#### [Task instructions]
Give the listing again, word for word, and let no picture into it.

#### [Extracted entries]
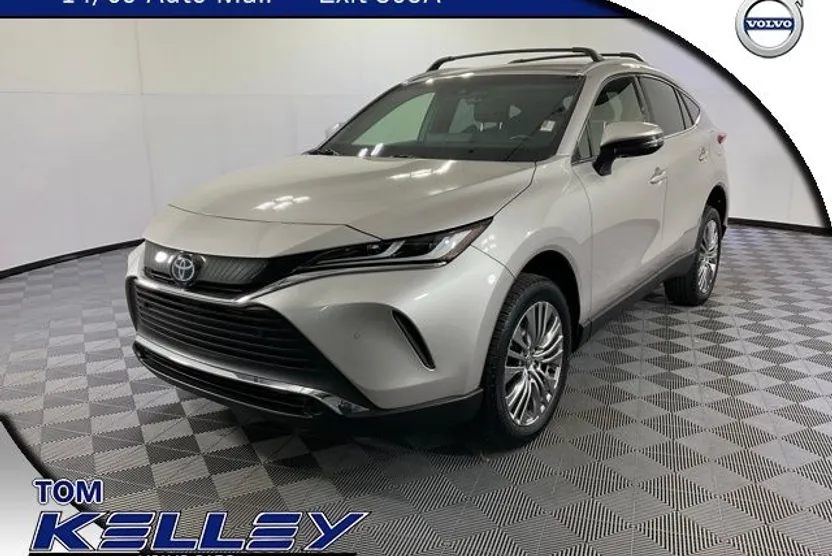2022 Toyota Venza XLE photo 1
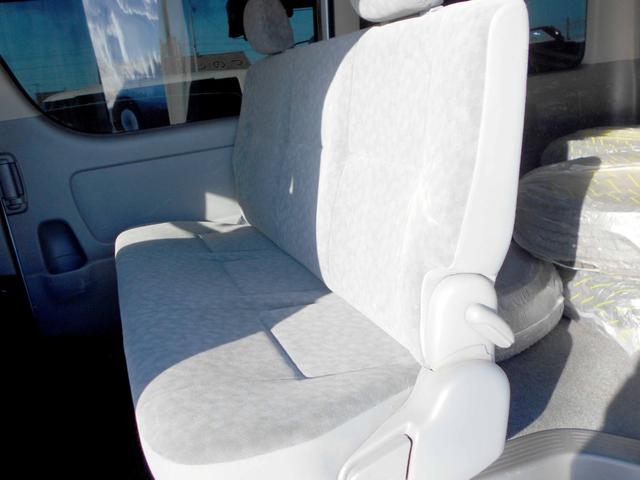 レジアスエースバン ロングスーパーＧＬ　４ＷＤ　２．５ＤＴ　スーパーＧＬ　４型フェイス＆スポイラー　ＬＥＤヘッドライト＆フォグ　１００Ｖ電源　バックカメラ　ＥＴＣ　リアヒーター＆クーラー　タイミングベルト交換済　夏冬タイヤ付（37枚目）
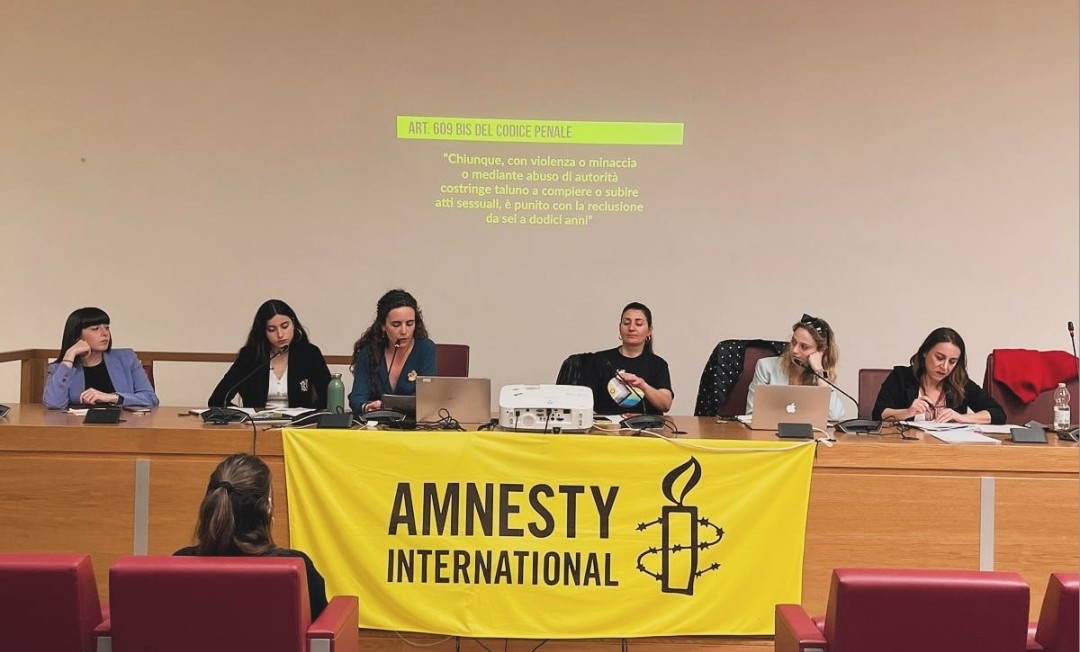 AmnestyLazio's tweet photo. Ieri la Facoltà di Giurisprudenza dell'Università La Sapienza si è colorata di giallo! 💛

🗣️Abbiamo parlato di consenso, della tutela legale delle persone vittime di violenza sessuale e della giurisprudenza sul tema. https://t.co/OwdJgbdZzZ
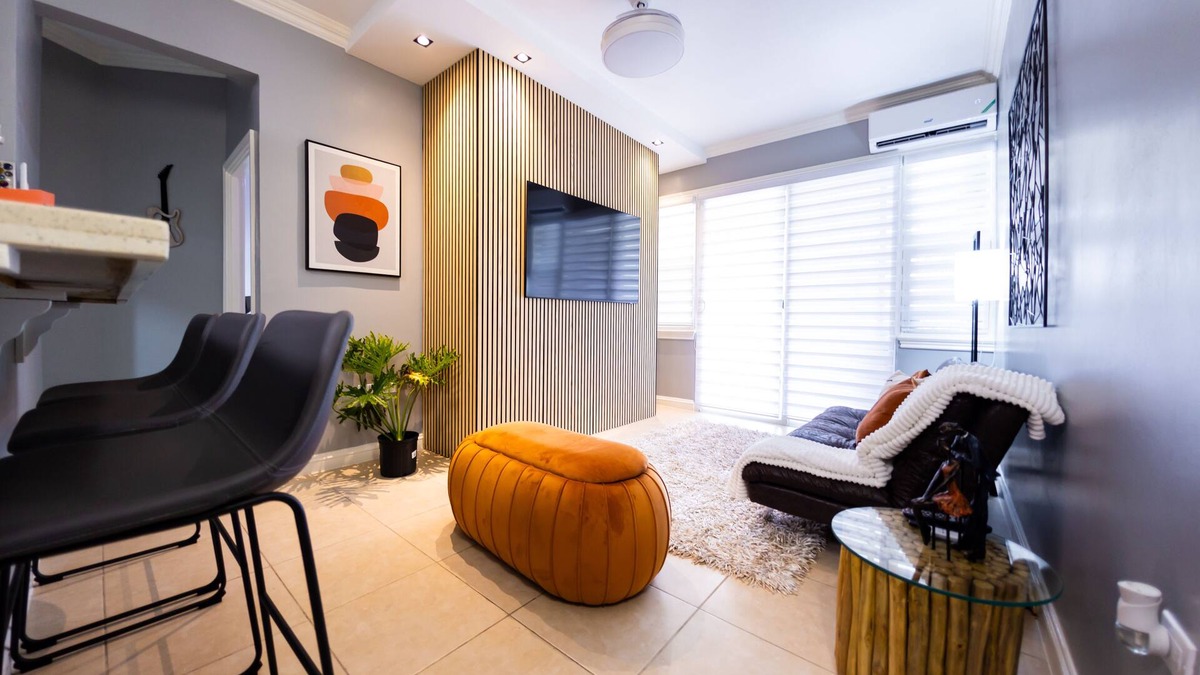 Saint Andrew Apartment | Katya’s Escape - Cozy 2 Bedroom Oasis w/Pool/Gym/Wifi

#### [Written reply]
2022 Toyota Venza XLE photo 1
 レジアスエースバン ロングスーパーＧＬ　４ＷＤ　２．５ＤＴ　スーパーＧＬ　４型フェイス＆スポイラー　ＬＥＤヘッドライト＆フォグ　１００Ｖ電源　バックカメラ　ＥＴＣ　リアヒーター＆クーラー　タイミングベルト交換済　夏冬タイヤ付（37枚目）
 AmnestyLazio's tweet photo. Ieri la Facoltà di Giurisprudenza dell'Università La Sapienza si è colorata di giallo! 💛

🗣️Abbiamo parlato di consenso, della tutela legale delle persone vittime di violenza sessuale e della giurisprudenza sul tema. https://t.co/OwdJgbdZzZ
 Saint Andrew Apartment | Katya’s Escape - Cozy 2 Bedroom Oasis w/Pool/Gym/Wifi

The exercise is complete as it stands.